Problem statement
Beginning at the line that contains "2026 Honda Civic Hatchback Sport CVT", transcribe the remaining lines of the listing exactly; include the final line and omit everything before.

________________

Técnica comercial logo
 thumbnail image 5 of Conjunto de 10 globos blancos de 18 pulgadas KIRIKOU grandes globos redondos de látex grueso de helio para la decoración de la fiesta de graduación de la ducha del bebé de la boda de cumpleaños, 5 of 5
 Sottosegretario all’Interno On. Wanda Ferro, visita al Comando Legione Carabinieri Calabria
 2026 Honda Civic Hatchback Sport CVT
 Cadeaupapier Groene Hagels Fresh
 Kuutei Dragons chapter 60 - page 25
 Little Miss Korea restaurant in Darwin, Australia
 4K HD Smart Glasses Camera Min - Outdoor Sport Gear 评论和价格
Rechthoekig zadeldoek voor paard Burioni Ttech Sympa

________________

Result for this task
 2026 Honda Civic Hatchback Sport CVT
 Cadeaupapier Groene Hagels Fresh
 Kuutei Dragons chapter 60 - page 25
 Little Miss Korea restaurant in Darwin, Australia
 4K HD Smart Glasses Camera Min - Outdoor Sport Gear 评论和价格
Rechthoekig zadeldoek voor paard Burioni Ttech Sympa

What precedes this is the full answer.